Your goal:
Repeat only the lines below that run from the line with "Prym 542550 Ojetes" to the line with "B850M AORUS ELITE", ends included; skip every picture.

Entries supplied:
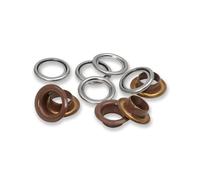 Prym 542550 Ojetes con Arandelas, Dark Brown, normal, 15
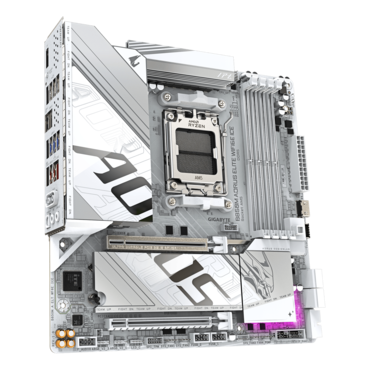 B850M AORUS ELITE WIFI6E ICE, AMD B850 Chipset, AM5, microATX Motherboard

==

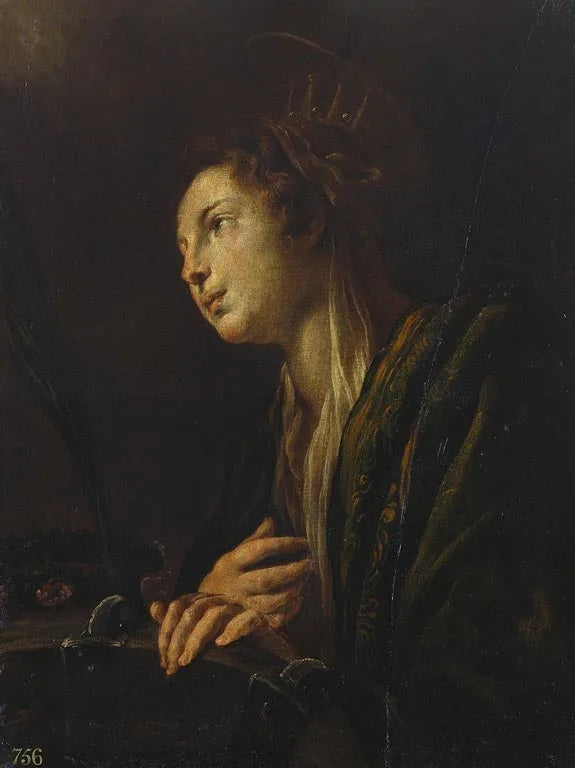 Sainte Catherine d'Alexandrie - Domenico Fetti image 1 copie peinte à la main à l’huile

Response to the exercise:
 Prym 542550 Ojetes con Arandelas, Dark Brown, normal, 15
 B850M AORUS ELITE WIFI6E ICE, AMD B850 Chipset, AM5, microATX Motherboard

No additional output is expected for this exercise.